## [Task]
Copy out the entries below precisely; nothing is to be omitted.

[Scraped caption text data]
+ + +
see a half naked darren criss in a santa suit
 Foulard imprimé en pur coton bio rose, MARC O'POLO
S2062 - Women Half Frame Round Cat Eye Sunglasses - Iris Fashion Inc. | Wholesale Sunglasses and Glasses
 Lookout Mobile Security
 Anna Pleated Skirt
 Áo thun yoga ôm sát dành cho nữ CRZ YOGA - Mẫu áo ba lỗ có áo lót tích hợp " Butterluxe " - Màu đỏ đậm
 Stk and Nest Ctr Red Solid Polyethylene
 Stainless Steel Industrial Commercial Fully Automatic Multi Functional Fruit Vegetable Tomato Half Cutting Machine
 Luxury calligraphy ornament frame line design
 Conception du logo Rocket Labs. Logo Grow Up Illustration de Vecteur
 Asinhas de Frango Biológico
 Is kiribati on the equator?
+ + +
## [Your response]
see a half naked darren criss in a santa suit
 Foulard imprimé en pur coton bio rose, MARC O'POLO
S2062 - Women Half Frame Round Cat Eye Sunglasses - Iris Fashion Inc. | Wholesale Sunglasses and Glasses
 Lookout Mobile Security
 Anna Pleated Skirt
 Áo thun yoga ôm sát dành cho nữ CRZ YOGA - Mẫu áo ba lỗ có áo lót tích hợp " Butterluxe " - Màu đỏ đậm
 Stk and Nest Ctr Red Solid Polyethylene
 Stainless Steel Industrial Commercial Fully Automatic Multi Functional Fruit Vegetable Tomato Half Cutting Machine
 Luxury calligraphy ornament frame line design
 Conception du logo Rocket Labs. Logo Grow Up Illustration de Vecteur
 Asinhas de Frango Biológico
 Is kiribati on the equator?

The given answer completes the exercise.